The tribunal also heard that Di Carlo had also racked up a personal legal bill of $600,000 for defending himself on the corruption charge.
Barrister Daniel O’Gorman KC, for Di Carlo, submitted that his client’s tax debt did not constitute a flagrant disregard of his obligations and was unfortunate.
Mr O’Gorman told Justice Thomas Bradley that Di Carlo’s problems all started when the Crime and Corruption Commission “came knocking”, and when he was charged in August 2017.
The QBA has accused Di Carlo of five failures, including failing to pay any substantial tax in recent years, failing to disclose in 2018 to the QBA that he had been found guilty of contempt in 2017, and failing to disclose last year his mental health difficulties that caused him to be hospitalised for nine days.
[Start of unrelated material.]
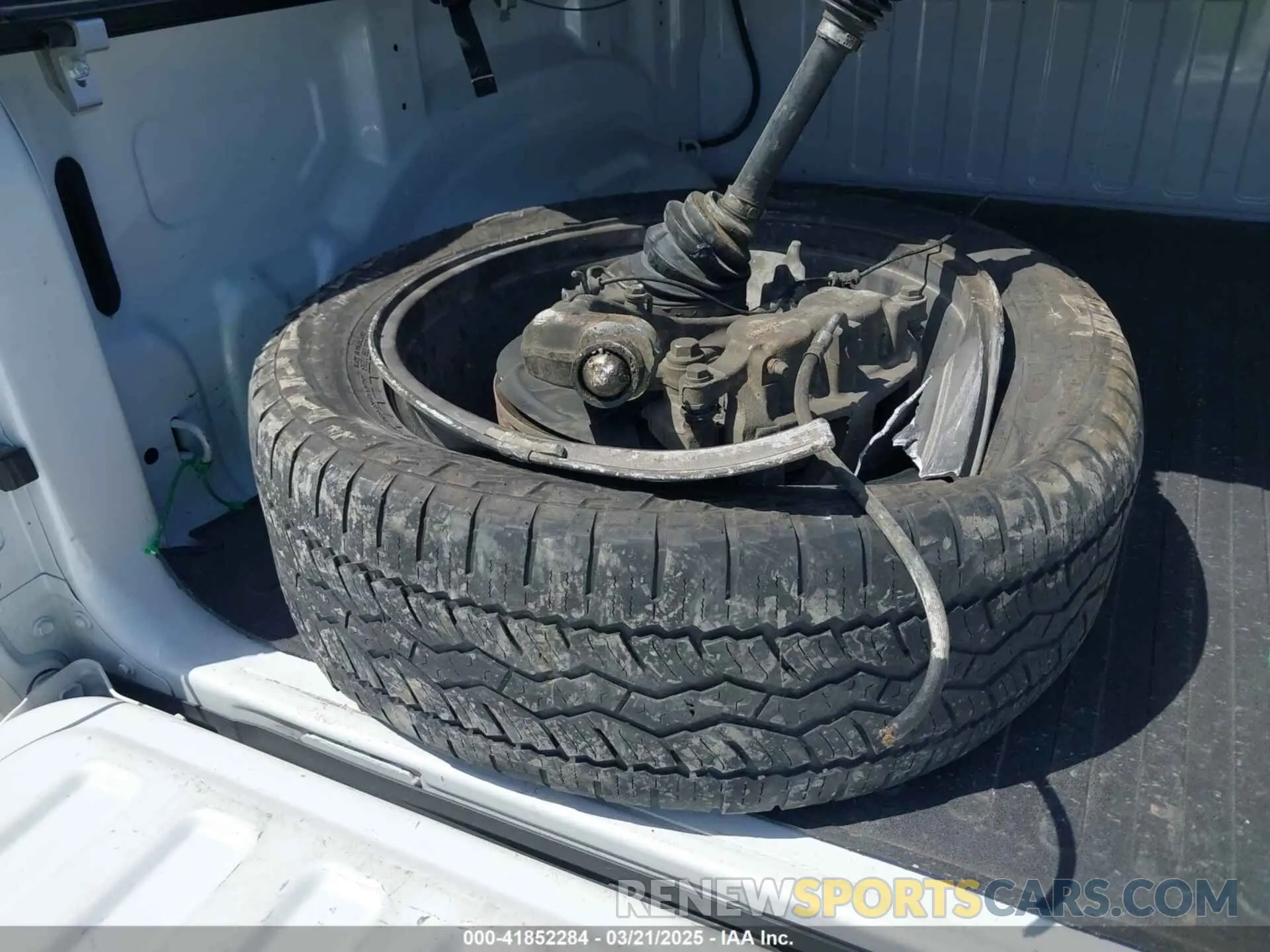 12 Photograph of a damaged car 1C6SRFJT0LN151641 RAM 1500 2020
Another failure alleged by the QBA is that Di Carlo failed to disclose to them last year that the one of his former clients had lodged a complain against him related to alleged receipt and misuse of trust money with the Legal Services Commissioner, and that he further failed to tell the QBA that the LSC had told him they intended to start a disciplinary proceeding against him in relation to this complaint.
Di Carlo argues the alleged disclosure failures were unintentional, and in relation to not disclosing his mental health difficulties Mr O’Gorman told the tribunal his client regretted not having disclosed something he should have disclosed.
Di Carlo is awaiting a criminal trial in the District Court on a single charge of giving or offering a benefit to a public officer, and two counts of perjury.
His trial is listed for pre-trial hearing on December 12 and two-week trial on February 17.
Mr O’Gorman told the tribunal this charge was expected to be resolved either in a few weeks’ time or alternatively in February.